A neural network with optimizers

We will use the Tensor Flow from Google, available thanks to pip.

pip install --user tensorflow tflearn

## 7.1) Optimizing an optimal trajectory

For the first tutorial, we implement a nonlinear optimization program optimizing the cost of a single trajectory for the continious pendulum. The trajectory is represented by its initial state x0 and the vector of piecewise-constant control U=[u0 ... uT-1], with T the number of timestep. The cost is simply the integral of the cost function l(x,u) returned by the pendulum environment.

Then the integral cost is optimized starting from a 0 control trajectory, until the pendulum finally reaches a standing state. Observe that the number of swings is possibly sub-optimal.

The code to optimize the trajectory is available in ocp.py.

## 7.2) Q-table resolution for discrete pendulum

We now consider the discrete model, with NX state and NU control. Imagine this model as a chess board with a maze (possibly nonplanar) drawn on it, and you ask the system to discover a path from an inital state to the final state at the center of the board. When performing a trial, the system is informed of success or failure by receiving reward 1 when reaching the goal, or otherwise 0 after 100 moves. To record the already-explored path, we can stored a table of NX per NU values, each giving how likely we would be rewarded if taking action U at state X. This table is named the Q-table, and corresponds to the Hamiltonian (Q-value) of the discrete system. The Q-values can be back-propagated along the table using the Dijkstra algorithm. Since we do not now the goal(s) states, the back propagation is done along random roll-outs inside the maze, which likely converges to an approximation of the exact Hamiltonian. Once the Q-table is computed, the optimal policy is simply chosen by maximizing the vector of Q-values corresponding to the row of state X.

This algorithm is available in the file qtable.py.

## 7.3) Q-table using a linear net

The idea is to similarly approximate the Q-value for the continuous model. Since the continious model has both infinitely many states and controls, a table can not make it. We will rather use any function basis to approximate the Q-value. For the tutorial, we have chosen to use a deep neural net. Firt, let's use a simple net for storing the Q-table.

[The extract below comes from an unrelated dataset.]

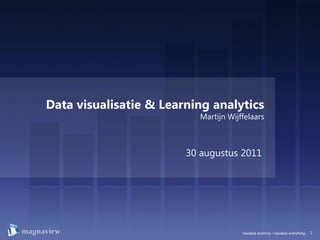 Data visualisatie & Learning analyticsMartijn Wijffelaars 30 augustus 2011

Basically, the vectory of Q-values for all possible control u is obtained by multiplying the Q-table by a one-hot vector (0 everywhere except a single 1) corresponding to the state. The optimal policy is then the maximum of this vector: iu^* = argmax(Q*h(ix)), with h(ix) = [ 0 0 ... 0 1 0 ... 0], ix and iu being indexes of both state and control. We use tensor flow to store array Q. The Q-value net is simply the multiplication of Q by one-hot x, and the policy the argmax of the result.

Now, the coefficients of Q are the parameters defining the Q-value (and then the policy). They must be optimized to fit the cost function. From Hamiltion-Jacobi-Belman equation, we know that Q(x,u) = l(x,u) + max_u2 Q(f(x,u),u2). We optimize the Q value so that this residual is minimized along the samples collected from successive roll-outs inside the maze.

The implementation of this algorithm is available in qnet.py. Observe that the convergence is not as fast as with the Q-Table algorithm.

## 7.4) Actor-critic network

We will now optimize a continuous policy and the corresponding Q-function, using an "Actor-Critic" method proposed in ["Continuous control with deep reinforcement learning", by Lillicrap et al, arXiv:1509.02971](https://arxiv.org/abs/1509.02971).

Two networks are used to represent the Q function and the policy. The first network has two inputs: state x and control u. Its outpout is a scalar. It is optimized to minimize the residual corresponding to HJB equation along a batch of sample points collected along previous roll-outs.

The policy function has a single input: state X. Its output is a control vector U (dimension 1 for the pendulum). It is optimize to maximize the Q function , i.e at each state, Pi(x) corresponds to the maximum over all possible controls u of Q(x,u).

Two critical aspects are reported in the paper and implemented in the tutorial. First, we learn over a batch of random samples collected from many previous roll-outs, in order to break the temporal dependancy in the batch. Second, we regularize the optimization of both Q-value (critic) and policy (actor) networks by storing a copy of both network, and only slightly modifying these copy at each steps.

The corresponding algorithm is implemented in the file continuous.py The training phase requires 100 roll-outs and some minutes (maybe more on a virual machine).

## 7.5) Training the network with the OCP solver

Using the OCP solver, you might compute a few optimal trajectories (say 10) starting from various initial conditions. Initialize the replay memory with the 10x50 points composing the 10 optimal trajectories and optimize the network from these replay memory only (without additional roll-outs, but using the same small-size batch). Play with the learning parameters until the network converges.

When properly implemented, the OCP produces better accuracy than the policy. However, at run-time, the policy is much cheaper to evaluate than solving a new OCP. I am currently considering how to use the network to warm-start or guide the OCP solver at run-time.

The provided solvers (trajectory and policy) runs reasonably well for the 1-pendulum. It is more difficult to tune for a more-complex dynamics, such as a 2-pendulum. You may want to try on a quadcopter robot (hence the title of the tutorial) but I except it to be a serious job.